La vie d’un moine ou d’une nonne dans la cité peut revêtir plusieurs formes : la plupart travaillent, souvent pour nourrir leur famille et ont donc peu de temps pour pratiquer. Pour ceux qui sont les plus engagés (souvent responsables de dojo), il faut réussir à tout mener de front et c’est difficile.

D’autres vivent dans la cité, mais ont fait le choix d’aménager leur vie pour se consacrer à temps plein au dharma. C’est mon cas et c’est ce dont je veux témoigner.

Je pratique depuis plus de 35 ans et j’ai connu tous les cas de figure que je viens de citer : j’ai travaillé et élevé des enfants, tout en pratiquant quotidiennement dans un dojo où j’avais des responsabilités ; j’ai vécu 5 ans dans le temple de la Gendronnière ; puis j’ai créé un dojo en ville, qui est devenu le Centre Zen de Limoges.

Lorsque je parle d’engagement dans la cité, on pourrait penser qu’il s’agit d’un engagement social : œuvrer dans l’humanitaire, être aumônier de prison ou dans les hôpitaux… Certains moines bouddhistes le font et c’est très bien, mais j’ai fait un autre choix : celui de consacrer tout mon temps à pratiquer et à transmettre le dharma et uniquement le dharma, comme le fait un moine vivant dans un monastère. Ce choix est mon apport à la société, mon engagement dans la cité.

Depuis une vingtaine d’années, les enfants ayant grandi et quitté la maison, je n’avais plus d’obligation de gagner ma vie et je me suis rendue libre. Je ne travaille plus dans la société et je consacre ma vie au dharma à plein temps. Je vis en ville dans un appartement, seule, je m’occupe du Centre Zen de Limoges où je pratique chaque jour lorsque je ne suis pas en voyage, où j’enseigne quotidiennement et participe au développement de cette sangha, qui grandit d’année en année.

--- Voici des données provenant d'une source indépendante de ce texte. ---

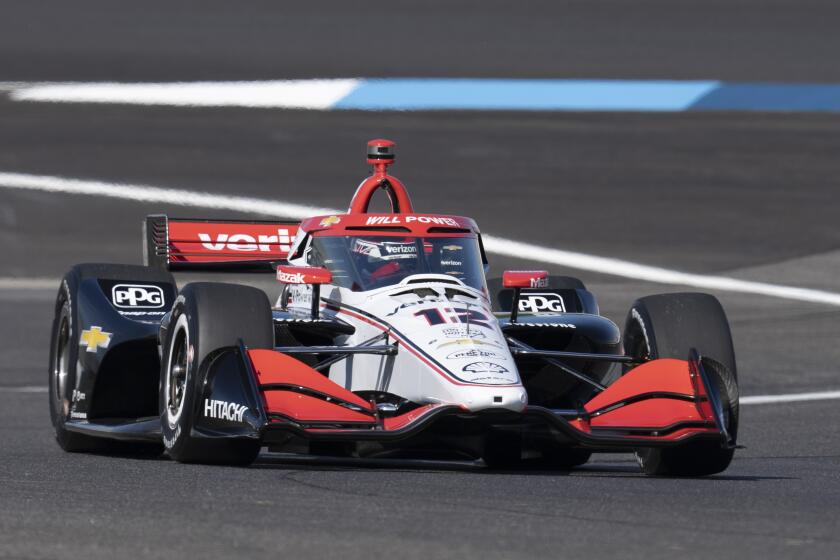 Will Power of Australia, drives into a turn during a practice session for the IndyCar Grand Prix auto race at Indianapolis Motor Speedway, Friday, May 10, 2024, in Indianapolis. (AP Photo/Darron Cummings)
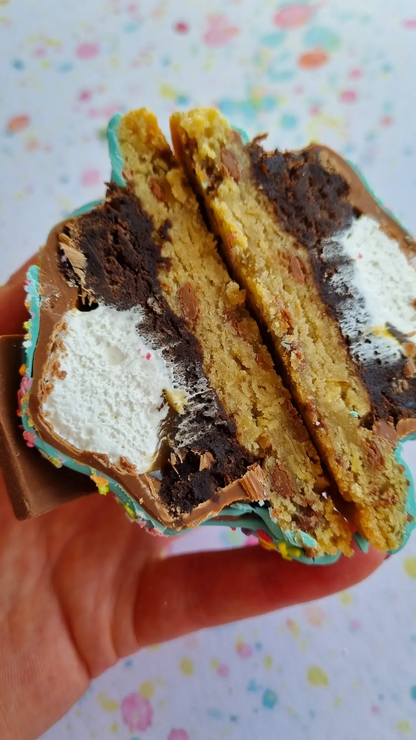 a cookie cut in half, shows the many layers of its inside. A layer of brownie, with a white fluffy marshmallow centre, topped with a chocolate top to seal it all in. This cookie is being held in tfhe palm of a hand above a lightly colourful background.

Bien sûr, dans le dojo nous faisons zazen, la cérémonie, nous mangeons la guen-mai, cousons le kesa, faisons samu — comme dans tous les dojos et temples — mais je consacre beaucoup de temps aux uns et aux autres, je suis attentive à l’évolution de chacun, je suis disponible totalement. C’est cette disponibilité que je juge essentielle pour aider et transmettre. Cette disponibilité est au cœur de la transmission de personne à personne. En cela je suis l’exemple de mon maître Minamizawa Roshi qui a toujours fait preuve envers moi et envers d’autres d’une totale disponibilité.

Ainsi, on œuvre dans l’humain et la relation dharmique. C’est ainsi que se développe cette sangha de Limoges : dans la confiance et l’intimité et c’est ainsi que les nouveaux viennent souvent par le bouche à oreille…

Lorsque j’étais au Japon, j’ai rencontré Egawa Roshi qui m’a donné une calligraphie où il avait écrit : « Une personne rencontre une personne qui rencontre une autre personne… » Bien sûr, comme partout nous faisons des conférences, mettons des affiches et des dépliants… mais à la fin, c’est une personne qui rencontre une autre personne. Et ces personnes qui arrivent, nous les accueillons avec bienveillance, mais sans en faire trop et sans complaisance.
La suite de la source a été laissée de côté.